I have always thought of myself as a realistic person and our week looking round is certainly not a joke as you say. Its the first trip of many followed by longer term rental in any area we are considering buying in. I would love to have more time but we both still work so time away is limited and even a week is a start to what I envisage will be a long process to make the right choices.
I am not looking to buy anything for a pittance or in an area nobody wants to live, we will be buying a larger house project because I have been involved in the building trade for many years and enjoy developing property.
Bob


----------



## anapedrosa (Mar 21, 2011)

One thing I would recommend is contacting a couple of agents before you come. We had decided to explore the Silver Coast, contacted an agent and created a short list of properties we wanted to see before we arrived. We also explored the Algarve, I think almost to rule it out as we were familiar with the area and the Silver Coast appealed to us more. 
In terms of things to look out for, building permission to build new or extend the size of a house. So if you have something in mind that you want to do with a place, you may want to check with the camara to ensure it can be done.

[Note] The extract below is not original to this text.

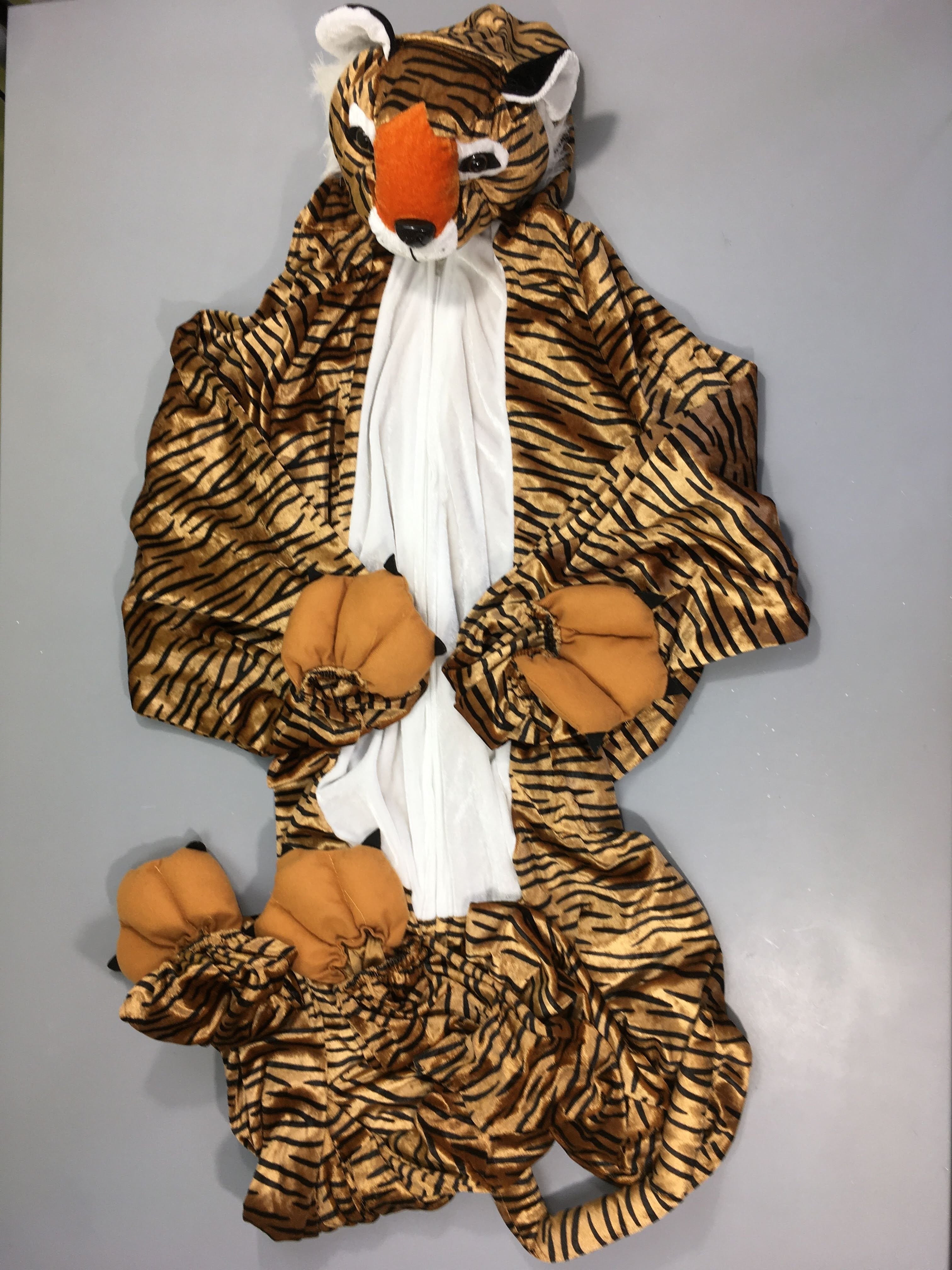 Déguisement combinaison tigre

We bought a lot and built from scratch. Prior to buying we had an engineer / project manager confirm building permissions were as stated. 
Timing is another thing to keep in mind, anything that needs permits takes time. If you are looking for a basic fixer-upper, this may not apply.


----------



## travelling-man (Jun 17, 2011)

Bob

If you're just beginning what you expect to be a long research period then you're doing the right thing but Bodgie does have a point that it's not an easy or a fast job. 

Just one example of that is that you say you have many years of the building industry......... frankly, it doesn't matter how good you are or how much experience you have, you'll still need a builder who is registered as an approved builder here if you're going to do major structural work.

Also, if it is to be a long research period, I'd suggest you don't discount the northern and central zones which are very beautiful, still within reach of the areas you mention and often significantly less expensive. 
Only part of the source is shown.